Die Verantwortlichen und die Auftragsverarbeiter müssen die Register der Verarbeitung personenbezogener Daten in schriftlicher Form (auch elektronisch) führen und die der Aufsichtsbehörde auf Anfrage zur Verfügung stellen.
 
Auch sollen der Verantwortliche und der Auftragsverarbeiter die Einhaltung und Umsetzung neuer Rechte sichern, insbesondere das Recht auf Löschung der Informationen („Recht auf Vergessenwerden”) und das Recht, die Übermittlung personenbezogener Daten von einem Verantwortlichen an einen anderen zu verlangen („Recht auf Datenübertragbarkeit”).
 

Der Verantwortliche muss ein Verfahren in der Gesellschaft implementieren, das gewährleistet, dass im Fall der Verletzung der persönlichen Daten (z.B. im Fall des Datenverlustes) der Verantwortliche innerhalb von 72 Stunden nach einer Verletzung die entsprechende Aufsichtsbehörde zum Datenschutz informiert.
 

Fazit

Die Ausführungen zeigen, dass die DSGVO einen wesentlichen Einfluss auf die ukrainischen Gesellschaften, die personenbezogene Daten von Kunden in der EU verarbeiten, ausüben kann.
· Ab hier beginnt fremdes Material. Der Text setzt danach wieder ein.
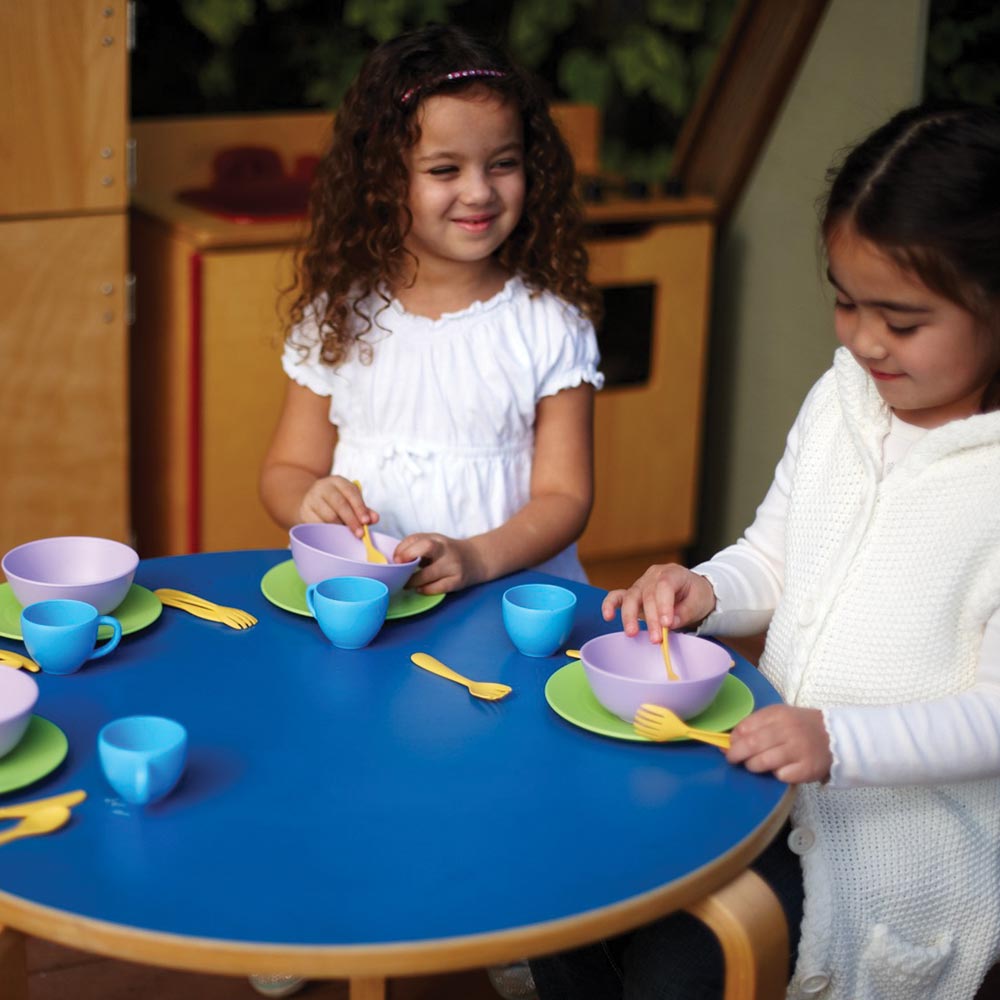 24 Piece Dinner Set, Made From 100% Recycled Plastic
Daher sollten ukrainische Unternehmen vor dem Inkrafttreten der DSGVO am 25. Mai 2018 in erster Linie klären, ob sie unter die DSGVO fallen, das bedeutet bspw. prüfen, welche Kategorien der Daten die Gesellschaft verarbeitet und, ob sie personenbezogene Daten natürlicher Personen in der EU beim Angebot von Waren, Dienstleistungen oder bei der Beobachtung ihres Verhaltens verarbeitet. Im Fall einer bejahenden Antwort sollte die Verarbeitung personenbezogener Daten in Übereinstimmung mit der DSGVO gebracht werden – insbesondere gegebenenfalls ein Vertreter in der EU sowie ein Datenschutzbeauftragter benannt, interne Datenschutzvorschriften der Gesellschaft erarbeitet oder angepasst und das Verfahren für die Verarbeitung personenbezogener Daten in der Gesellschaft zum Zwecke der Einhaltung der DSGVO aktualisiert werden.